● **HOW TO COMPLETE THIS TASK**
Repeat, line for line, the entries below from the first line to the line containing "Résistant au froid", counting both ends.

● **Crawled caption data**
━━━━
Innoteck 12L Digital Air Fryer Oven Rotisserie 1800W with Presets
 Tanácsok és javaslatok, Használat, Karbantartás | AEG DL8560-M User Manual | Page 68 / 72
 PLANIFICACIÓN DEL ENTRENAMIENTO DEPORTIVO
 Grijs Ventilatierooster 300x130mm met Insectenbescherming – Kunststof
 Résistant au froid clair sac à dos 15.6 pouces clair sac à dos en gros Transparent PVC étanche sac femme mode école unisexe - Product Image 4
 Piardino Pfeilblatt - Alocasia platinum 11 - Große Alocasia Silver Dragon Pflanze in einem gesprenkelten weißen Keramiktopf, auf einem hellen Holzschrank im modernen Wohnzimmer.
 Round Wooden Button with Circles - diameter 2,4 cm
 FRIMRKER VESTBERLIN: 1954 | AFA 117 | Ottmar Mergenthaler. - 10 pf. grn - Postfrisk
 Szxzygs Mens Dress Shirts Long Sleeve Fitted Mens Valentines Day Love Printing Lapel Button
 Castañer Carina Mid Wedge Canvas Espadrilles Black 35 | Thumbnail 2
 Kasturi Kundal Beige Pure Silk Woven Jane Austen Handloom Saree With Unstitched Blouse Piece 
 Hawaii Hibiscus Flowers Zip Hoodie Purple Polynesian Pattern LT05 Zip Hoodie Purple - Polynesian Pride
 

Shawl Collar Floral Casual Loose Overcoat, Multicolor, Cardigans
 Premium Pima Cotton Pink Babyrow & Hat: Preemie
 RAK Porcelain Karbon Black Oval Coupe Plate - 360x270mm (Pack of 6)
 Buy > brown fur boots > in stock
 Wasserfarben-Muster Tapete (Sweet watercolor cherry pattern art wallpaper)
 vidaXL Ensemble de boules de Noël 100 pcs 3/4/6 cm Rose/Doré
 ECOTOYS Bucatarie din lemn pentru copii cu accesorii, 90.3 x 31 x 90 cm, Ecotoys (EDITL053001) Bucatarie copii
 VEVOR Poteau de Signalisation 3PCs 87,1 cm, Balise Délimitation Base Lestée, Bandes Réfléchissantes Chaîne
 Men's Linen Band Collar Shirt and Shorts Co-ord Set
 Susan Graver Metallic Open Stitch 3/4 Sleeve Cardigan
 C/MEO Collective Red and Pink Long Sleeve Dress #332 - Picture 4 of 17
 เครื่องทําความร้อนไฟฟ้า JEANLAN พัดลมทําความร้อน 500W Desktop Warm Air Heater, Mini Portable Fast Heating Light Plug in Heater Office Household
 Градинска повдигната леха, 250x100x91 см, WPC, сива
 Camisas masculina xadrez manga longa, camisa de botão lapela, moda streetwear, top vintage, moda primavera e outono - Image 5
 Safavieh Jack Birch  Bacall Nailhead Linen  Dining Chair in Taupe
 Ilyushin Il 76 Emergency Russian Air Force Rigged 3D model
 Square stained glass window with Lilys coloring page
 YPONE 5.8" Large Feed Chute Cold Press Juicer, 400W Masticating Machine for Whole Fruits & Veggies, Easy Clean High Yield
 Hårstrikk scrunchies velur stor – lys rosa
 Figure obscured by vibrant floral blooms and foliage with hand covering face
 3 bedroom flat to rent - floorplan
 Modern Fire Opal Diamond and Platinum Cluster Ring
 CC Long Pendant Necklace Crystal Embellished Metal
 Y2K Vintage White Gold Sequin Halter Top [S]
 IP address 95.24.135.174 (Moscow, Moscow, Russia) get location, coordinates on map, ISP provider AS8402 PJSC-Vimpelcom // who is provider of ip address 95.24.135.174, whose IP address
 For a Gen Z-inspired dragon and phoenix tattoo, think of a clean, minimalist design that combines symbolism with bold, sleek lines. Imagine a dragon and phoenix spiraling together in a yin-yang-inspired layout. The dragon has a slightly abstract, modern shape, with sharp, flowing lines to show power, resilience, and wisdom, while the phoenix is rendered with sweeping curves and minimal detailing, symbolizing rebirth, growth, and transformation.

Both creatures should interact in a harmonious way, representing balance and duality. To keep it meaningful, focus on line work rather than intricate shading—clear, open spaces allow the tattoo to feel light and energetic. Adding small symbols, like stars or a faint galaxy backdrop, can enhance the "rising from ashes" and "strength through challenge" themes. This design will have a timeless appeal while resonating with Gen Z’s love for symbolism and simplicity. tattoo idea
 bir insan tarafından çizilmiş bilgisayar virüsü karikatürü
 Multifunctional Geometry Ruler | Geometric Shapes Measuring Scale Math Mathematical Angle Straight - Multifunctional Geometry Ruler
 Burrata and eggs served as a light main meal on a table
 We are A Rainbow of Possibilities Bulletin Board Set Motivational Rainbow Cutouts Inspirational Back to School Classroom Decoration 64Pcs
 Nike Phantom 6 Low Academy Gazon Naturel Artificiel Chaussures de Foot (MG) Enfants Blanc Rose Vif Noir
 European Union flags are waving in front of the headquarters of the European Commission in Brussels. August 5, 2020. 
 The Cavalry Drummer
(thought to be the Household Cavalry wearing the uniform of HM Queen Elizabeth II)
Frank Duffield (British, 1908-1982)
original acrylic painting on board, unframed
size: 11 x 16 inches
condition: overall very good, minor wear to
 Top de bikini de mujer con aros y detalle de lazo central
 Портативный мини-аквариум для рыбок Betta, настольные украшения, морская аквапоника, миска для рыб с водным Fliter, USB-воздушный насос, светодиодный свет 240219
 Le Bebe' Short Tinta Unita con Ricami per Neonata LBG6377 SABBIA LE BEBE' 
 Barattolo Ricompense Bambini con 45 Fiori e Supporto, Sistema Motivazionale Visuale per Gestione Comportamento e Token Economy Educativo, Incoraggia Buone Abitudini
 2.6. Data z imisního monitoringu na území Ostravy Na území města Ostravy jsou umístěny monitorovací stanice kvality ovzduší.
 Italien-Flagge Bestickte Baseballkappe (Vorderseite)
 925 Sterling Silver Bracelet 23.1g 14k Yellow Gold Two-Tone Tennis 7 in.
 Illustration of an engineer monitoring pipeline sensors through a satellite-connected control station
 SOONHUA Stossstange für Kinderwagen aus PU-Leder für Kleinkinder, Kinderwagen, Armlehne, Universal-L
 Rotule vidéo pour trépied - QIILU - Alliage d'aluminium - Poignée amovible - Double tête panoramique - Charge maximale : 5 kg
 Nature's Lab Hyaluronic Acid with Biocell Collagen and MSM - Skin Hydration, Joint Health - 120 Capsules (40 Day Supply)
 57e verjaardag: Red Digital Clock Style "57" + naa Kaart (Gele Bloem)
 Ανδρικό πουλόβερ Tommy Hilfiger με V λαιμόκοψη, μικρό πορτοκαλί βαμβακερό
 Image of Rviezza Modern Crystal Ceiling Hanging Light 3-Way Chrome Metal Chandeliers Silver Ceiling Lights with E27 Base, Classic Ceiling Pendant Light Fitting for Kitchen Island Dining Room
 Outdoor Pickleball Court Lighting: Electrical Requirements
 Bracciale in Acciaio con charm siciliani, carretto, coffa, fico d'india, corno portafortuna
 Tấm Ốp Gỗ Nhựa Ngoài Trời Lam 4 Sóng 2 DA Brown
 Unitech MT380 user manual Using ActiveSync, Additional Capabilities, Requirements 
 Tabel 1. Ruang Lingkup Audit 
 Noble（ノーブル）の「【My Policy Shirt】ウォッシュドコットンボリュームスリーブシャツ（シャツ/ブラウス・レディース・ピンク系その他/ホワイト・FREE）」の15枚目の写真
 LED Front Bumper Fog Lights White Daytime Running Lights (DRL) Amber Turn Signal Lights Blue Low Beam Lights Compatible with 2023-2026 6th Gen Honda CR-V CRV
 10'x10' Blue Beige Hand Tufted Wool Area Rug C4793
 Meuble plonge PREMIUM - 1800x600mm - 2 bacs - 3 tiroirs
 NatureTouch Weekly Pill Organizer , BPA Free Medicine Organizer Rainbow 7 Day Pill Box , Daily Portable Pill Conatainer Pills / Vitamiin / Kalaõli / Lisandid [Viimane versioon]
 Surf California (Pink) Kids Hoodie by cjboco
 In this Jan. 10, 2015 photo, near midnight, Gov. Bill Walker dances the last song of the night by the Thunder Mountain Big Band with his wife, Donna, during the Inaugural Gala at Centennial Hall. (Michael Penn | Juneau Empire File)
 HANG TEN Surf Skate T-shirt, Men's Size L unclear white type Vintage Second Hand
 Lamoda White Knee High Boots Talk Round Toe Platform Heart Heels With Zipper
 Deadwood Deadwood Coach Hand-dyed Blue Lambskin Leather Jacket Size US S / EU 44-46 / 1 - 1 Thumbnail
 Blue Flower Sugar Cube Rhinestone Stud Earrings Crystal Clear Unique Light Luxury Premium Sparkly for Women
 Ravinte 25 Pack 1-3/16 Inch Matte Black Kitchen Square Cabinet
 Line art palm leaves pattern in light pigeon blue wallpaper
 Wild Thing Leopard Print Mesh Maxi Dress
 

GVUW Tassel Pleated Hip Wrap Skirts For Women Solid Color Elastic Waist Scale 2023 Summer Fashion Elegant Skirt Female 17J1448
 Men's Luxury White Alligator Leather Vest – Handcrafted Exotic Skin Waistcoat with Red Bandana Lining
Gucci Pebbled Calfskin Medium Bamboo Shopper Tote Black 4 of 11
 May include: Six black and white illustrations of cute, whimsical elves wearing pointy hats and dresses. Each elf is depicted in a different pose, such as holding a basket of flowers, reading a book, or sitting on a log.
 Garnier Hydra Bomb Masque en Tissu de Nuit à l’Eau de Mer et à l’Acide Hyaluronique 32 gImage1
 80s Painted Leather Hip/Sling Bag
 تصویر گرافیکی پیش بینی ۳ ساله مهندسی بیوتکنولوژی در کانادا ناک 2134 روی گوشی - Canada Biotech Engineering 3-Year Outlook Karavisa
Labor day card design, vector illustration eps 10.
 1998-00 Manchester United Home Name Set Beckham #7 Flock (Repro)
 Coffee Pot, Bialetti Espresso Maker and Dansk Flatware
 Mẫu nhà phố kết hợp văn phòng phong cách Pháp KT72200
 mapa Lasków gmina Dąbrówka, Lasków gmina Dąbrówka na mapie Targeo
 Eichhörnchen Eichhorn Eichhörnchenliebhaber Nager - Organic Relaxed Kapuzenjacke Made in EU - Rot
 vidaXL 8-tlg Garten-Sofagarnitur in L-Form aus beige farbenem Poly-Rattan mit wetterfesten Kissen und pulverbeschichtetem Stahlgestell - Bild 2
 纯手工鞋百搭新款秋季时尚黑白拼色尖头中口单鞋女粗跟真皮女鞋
━━━━
● **SOLVED PROBLEM**
Innoteck 12L Digital Air Fryer Oven Rotisserie 1800W with Presets
 Tanácsok és javaslatok, Használat, Karbantartás | AEG DL8560-M User Manual | Page 68 / 72
 PLANIFICACIÓN DEL ENTRENAMIENTO DEPORTIVO
 Grijs Ventilatierooster 300x130mm met Insectenbescherming – Kunststof
 Résistant au froid clair sac à dos 15.6 pouces clair sac à dos en gros Transparent PVC étanche sac femme mode école unisexe - Product Image 4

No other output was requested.